The holiday months typically account for 30% of all sales of wine and spirits brands, which totals about $250 billion a year. Alcohol purchases peak in November, accounting for 37% of all purchases, according to Bev Spot. Then sales dip at the end of January into February. Come summer, sales increase again.
Why sales decrease after the holidays
Alcohol sales rise and dip throughout the year, but Americans are drinking less overall. The alcohol serving index decreased by an average of six fewer drinks per adult from 2017 to 2018, according to The Drinks Business.
Sales rise during November and December because consumers are buying for holiday events, and then dip during the early part of Q1 because those social gatherings have decreased. Some people also make New Year’s resolutions to drink less. Others partake in Dry January, meaning they choose not to drink for the entire first month of the year. On Instagram, the #DryJanuary hashtag has more than 225,000 posts, and #DryJanuary2020 has 5,000-plus posts.
Once the weather turns warmer, consumers seem to be looking to order another drink again.
What brands are doing to increase sales in winter months
2020 is a special time for the alcohol industry, bringing with it the 100th anniversary of Prohibition.
Templeton Rye, which has some history dating back to the 1920s, hosted an event to celebrate its rich tradition and whiskey.
The brand, which relaunched in 2006, dispersed old-time newsboys to the Flatiron District of New York City. The newsboys handed out custom newspapers dated January 16, 1920, announcing the start of Prohibition, but also inviting the public to its event on January 16, 2020. The newsboys created a visual that piqued the interest of New Yorkers and created a buzz for the evening’s event.
That evening, Templeton Rye took over the Rye House bar serving prohibition-themed cocktails and food. The event only featured Templeton Rye’s products, giving the public a taste and a reason to buzz about the brand on a cold January night.
Other brands, such as Kim Crawford Wines, use social media to combat the winter sales blues and ditch the resolutions. Kim Crawford posted on Instagram on January 2 with a photo of their wine in a glass and a piece of cake. The photo says “Eat The Cake.” The caption read, “No need to plan for resolutions when you’re already crushing it.
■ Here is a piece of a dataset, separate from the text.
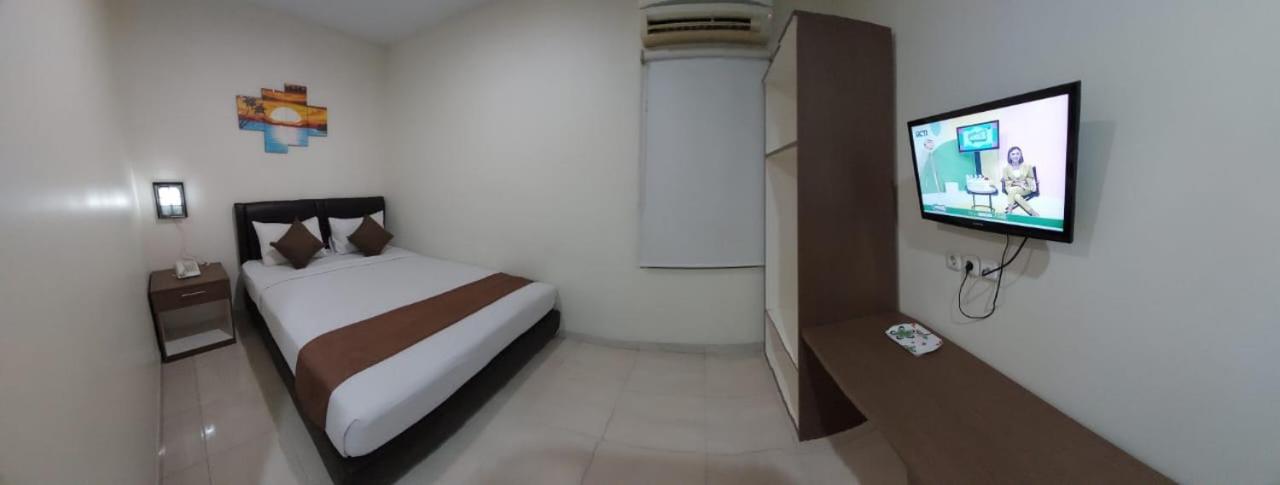 Grand Avira Hotel Batu Merah Exterior foto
We like you just the way you are.”
For companies that rely on direct-to-consumer sales, Wolffer Estate Vineyard is a strong example to follow. The Long Island-based vineyard launched a rosé-only club for $92-$153 per shipment in January 2020, with the first shipment going out in March.
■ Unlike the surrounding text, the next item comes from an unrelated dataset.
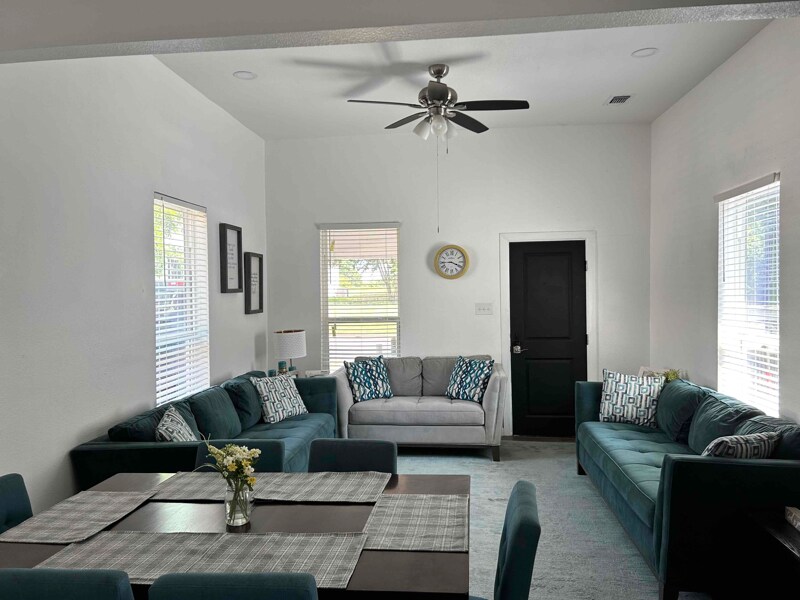 Foto principal - 206 E Brenham St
Ways brands can increase January and February sales
For brands that have a strong direct-to-consumer business, touting that the winter months can provide good shipping conditions from West Coast wineries can help increase demand. Wineries can also offer free shipping or one bottle-free promotion to increase sales.
Some retailers use data they’ve gathered throughout the year to introduce new brands to their customers in the winter months. While big box retailers may employ a strategy of using aggressive pricing on popular wines during these months, some businesses take advantage of their customers’ tastes and preferences that they’ve been tracking. They bring in similar products that can keep people coming back throughout the slower winter months.
If brands have the resources to throw an event and drum up marketing, allowing potential customers to try your product and experience the lifestyle that would go along with it will help increase sales. Creating an event with a winter theme, such as a ski chalet, can help customers feel as if they’re in the Alps. Drinks can be winter-themed too, such as mulled wine or a hot toddy.